Spreading the Heigl love


Oh, I just love Izzy Stevens.

I enjoyed watching Katherine Heigl's latest chick-flick, 27 Dresses. In my eyes, she could do no wrong. She is definitely in the running to become America's Next Sweetheart.

A romantic comedy is what I needed on my last day of unemployment.

P.S.: James Marden is such a hottie!

P.S. 2: Second time watching Heigl and Marsden in a movie. Heigl previously starred in "Knocked Up" and Marsden was part of Disney's "Enchanted". I gave both movies a "thumbs-up".

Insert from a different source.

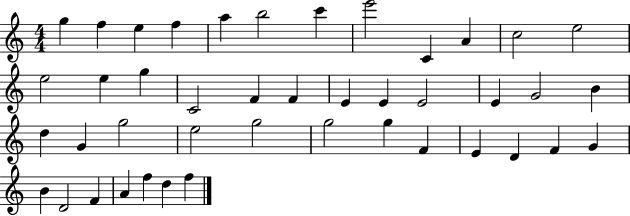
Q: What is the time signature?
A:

P.S. 3: I am not quite feeling well right now. Maybe it's the work jitters?

Checklist:
Certificate of Employment - Sunday?!?

Friday, January 25, 2008

Blurbs!

First Lecture
Out of the blue (meaning, midnight yesterday), a former classmate and friend texted me, requesting that I will be her resource person for a classroom lecture on government for her adult students. At least 3 thoughts came into mind:

1. My mind is dormant for months.... waaaah!
2. What does a resource person do?
3. WTF!

So I haven't heard from her until she called me up--one hour before her lecture. I understand that she's busy with work and all, but I didn't know what to do. I reluctantly agreed, not knowing what to expect.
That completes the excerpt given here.